> _What the exercise asks_: Return the entries that follow exactly, with no images.

Saved entries
........
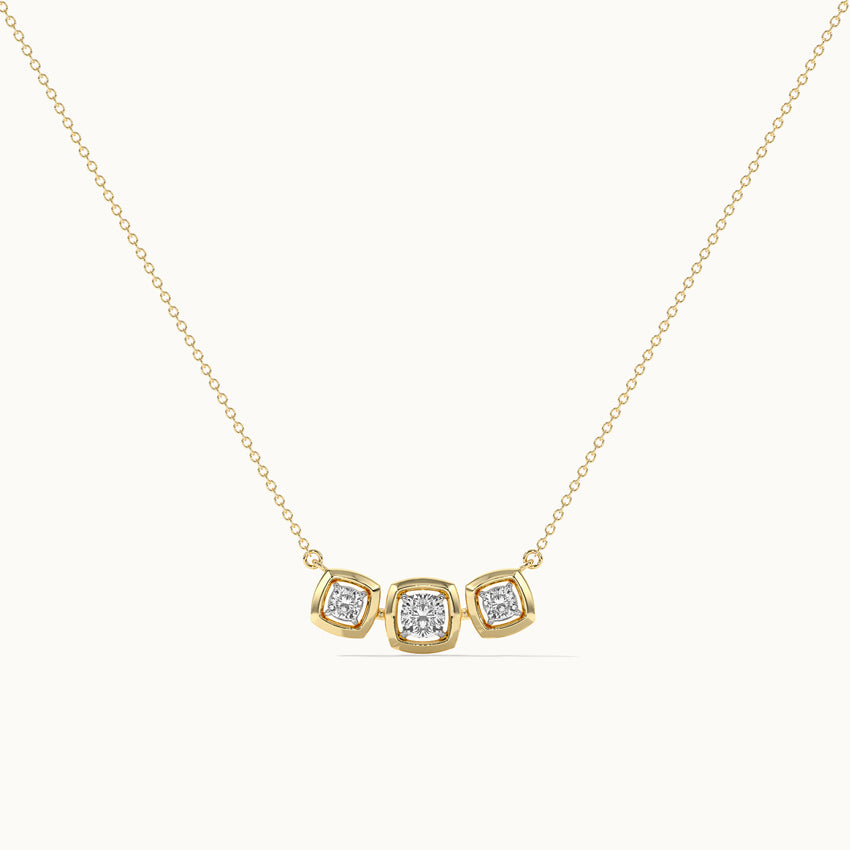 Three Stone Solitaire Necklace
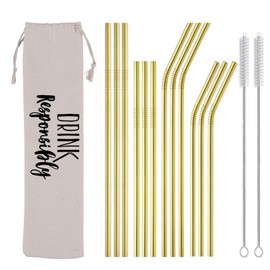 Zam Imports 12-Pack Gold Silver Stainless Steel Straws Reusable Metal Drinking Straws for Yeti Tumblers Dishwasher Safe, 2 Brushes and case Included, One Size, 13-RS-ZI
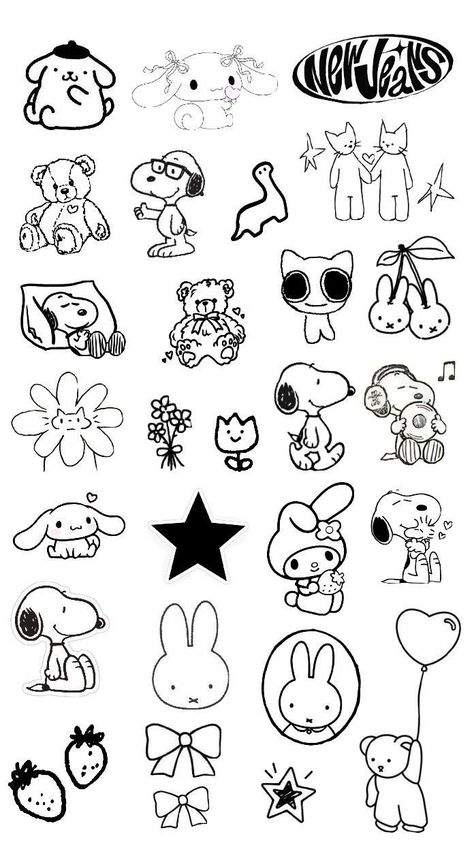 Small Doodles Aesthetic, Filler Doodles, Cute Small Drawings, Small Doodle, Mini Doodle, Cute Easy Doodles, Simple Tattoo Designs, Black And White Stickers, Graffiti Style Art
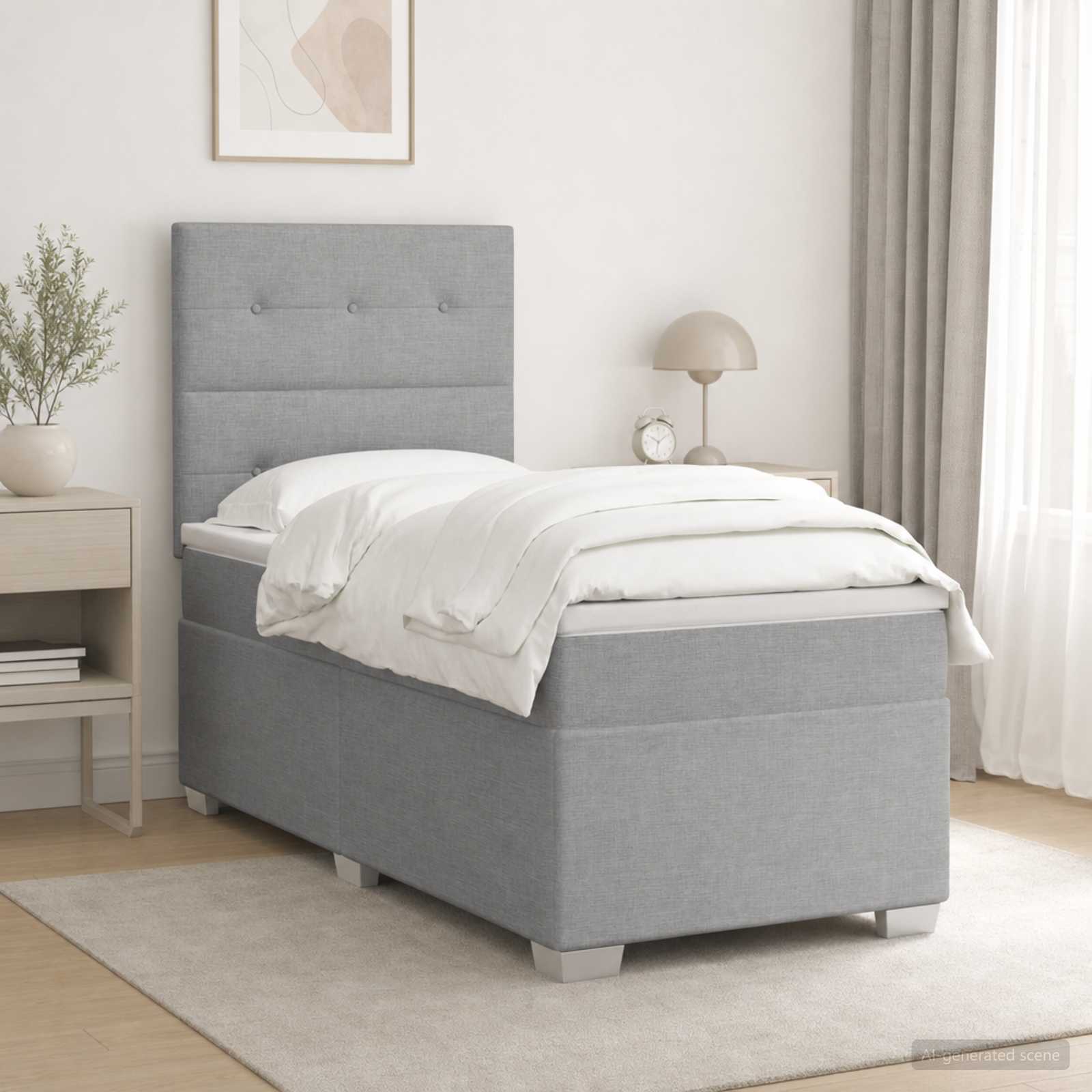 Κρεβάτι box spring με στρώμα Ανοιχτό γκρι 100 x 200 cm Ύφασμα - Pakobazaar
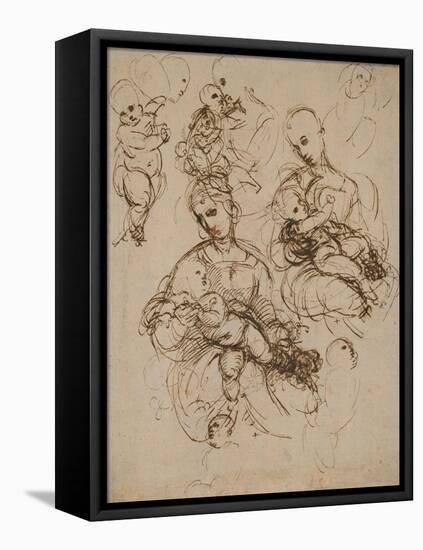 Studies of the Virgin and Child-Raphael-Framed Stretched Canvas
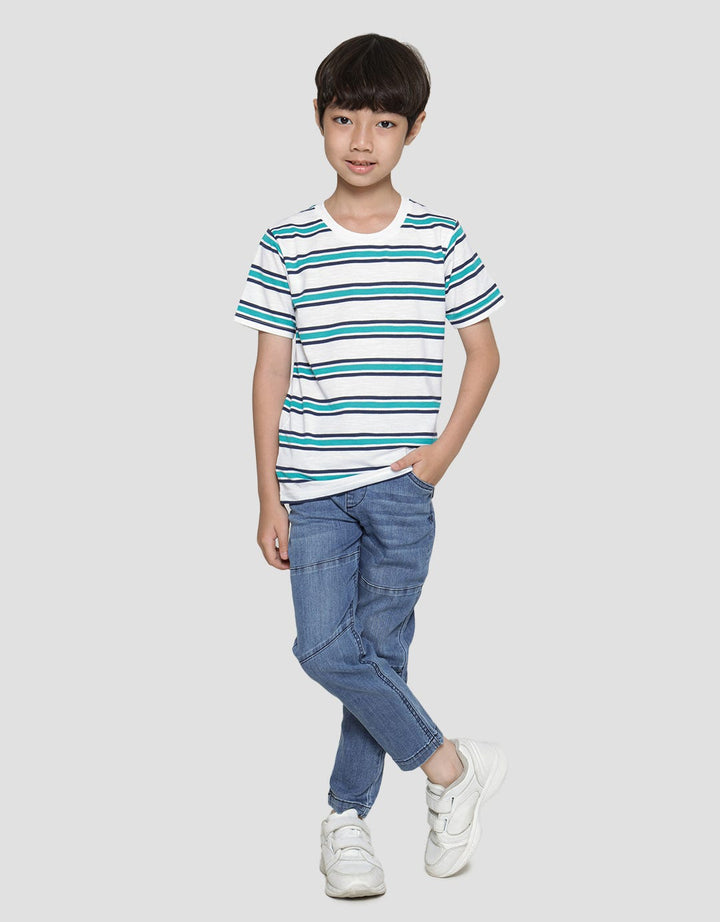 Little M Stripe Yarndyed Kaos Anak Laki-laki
........
> _Answer section_:
 Three Stone Solitaire Necklace
 Zam Imports 12-Pack Gold Silver Stainless Steel Straws Reusable Metal Drinking Straws for Yeti Tumblers Dishwasher Safe, 2 Brushes and case Included, One Size, 13-RS-ZI
 Small Doodles Aesthetic, Filler Doodles, Cute Small Drawings, Small Doodle, Mini Doodle, Cute Easy Doodles, Simple Tattoo Designs, Black And White Stickers, Graffiti Style Art
 Κρεβάτι box spring με στρώμα Ανοιχτό γκρι 100 x 200 cm Ύφασμα - Pakobazaar
 Studies of the Virgin and Child-Raphael-Framed Stretched Canvas
 Little M Stripe Yarndyed Kaos Anak Laki-laki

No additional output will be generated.